Volcker, in office only two months, took the radical step of switching Fed policy from targeting interest rates to targeting the money supply. The days of “easy credit” turned into the days of “very expensive credit.” The prime lending rate exceeded 21 percent. Unemployment reached double digits in some months. The dollar depreciated significantly in world foreign exchange markets, Volcker’s tough medicine led to not one, but two, reccssions before prices finally stabilized.

Now that’s the courage of one’s convictions. Although Phil Gramm stuck his foot deeply in his pie hole when he pronounced America “a nation of whiners,” he wasn’t without a point. True, we’re on the verge of what may be a fairly severe recession, but the American people want relief NOW. There should be no payback for two decades of excess-surely that was somebody else’s fault. Can you imagine the Bush administration’s behavior had Bernanke run interest rates into the 20s and caused two recessions? The CIA would have poisoned the Fed Chair in his sleep.

As much courage as Volcker and Reagan showed on inflation, it pales in comparison with the resolve that will be required to square off against the deficit. Economists agree that inflation is bad like oncologists agree that cancer is bad: it taxes society both today and in the future. Whereas super-tight money may not have been popular in some quarters, nobody could really argue that inflation needed to be reined in, and that an end to excessive price escalation would ultimately benefit the people who overwhelmingly pulled the lever for Ronald Reagan in 1984. Of course, Reagan repaid his country by going on a second-term Keynesian spree the likes of which hadn’t been seen since the Great Society, but that’s another story.

No, deficits are not popular targets. Dick Cheney’s quip to his hand picked-Treasury Secretary Paul O’Neill that “Reagan proved that deficits don’t matter” sort of sums up the problem. Nobody ever got thrown out of office for running a big budget deficit. But when Jimmy Carter suggested that we put on a sweater, we were ready to torch the White House. Rule number one in politics: “don’t blame the public.” Rule number two: “don’t ask for sacrifices.”

But here’s the thing: deficits are the ultimate form of taxation without representation. By shifting the burden of repayment from generation to generation, we guarantee that one day, America will no longer be an economic powerhouse and life will be significantly more difficult for our progeny. It’s easy to forget that as late as Richard Nixon, it was an article of faith that America was and would remain a creditor nation. No longer. Unrestrained, deficits come as naturally to a retail democracy as does quacking to a duck. As long as there is nobody to speak up for your progeny, the debt will do nothing but grow.

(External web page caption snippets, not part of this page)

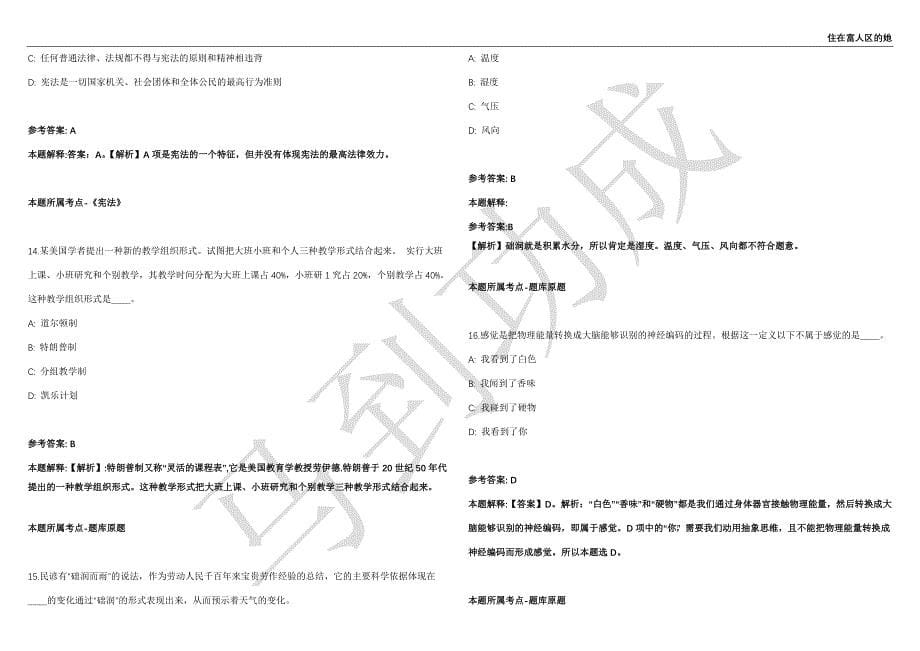 2021年05月广东深圳市龙岗区发展和改革局选聘专业技术人员2人强化练习卷（附答案详解）第514期_第5页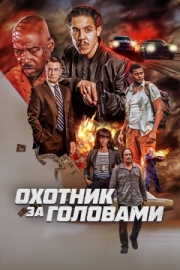 Постер аниме Охотник за головами (2023)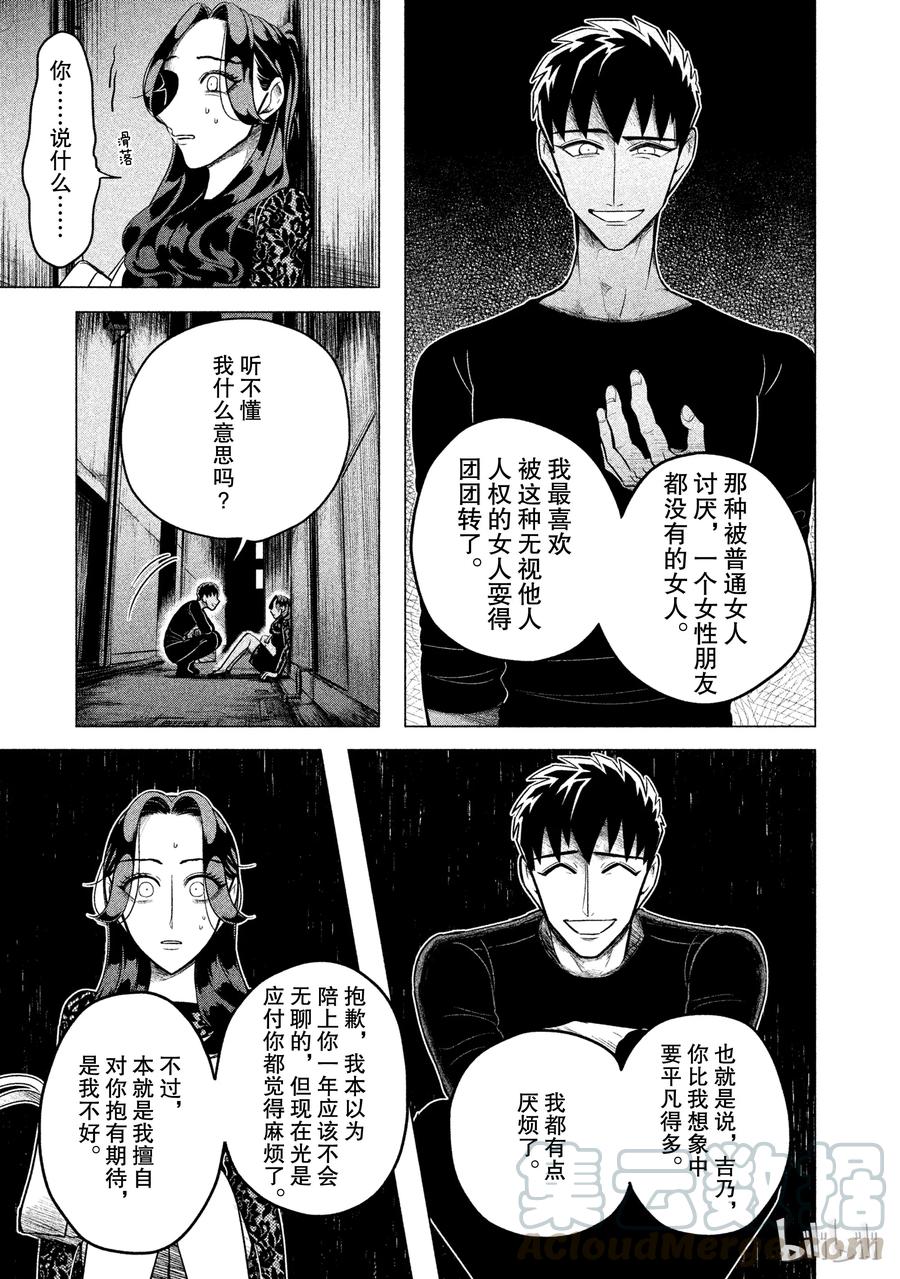 《唯愿来世不相识》2 失败者没有出场机会（后篇） 第25页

That’s why in his first 100 days, it will be time for Barack Obama to speak up for your kids in an argument against, well, you. It will take monumental leadership to say, “yes we may be in for some rocky economic times, potentially an elongated recession, but it is time to start bringing this sucker down. There is always an excuse to wait until tomorrow to start. Well, we’re starting today.”

The pressure on a new President not to do this will be vast and unrelenting, from political operatives certainly but also from much of the economic establishment. The first test of Barack Obama’s courage will be whether he can chart is own, independent path. Since we won’t speak up for our children, it will be up to the President of the United States.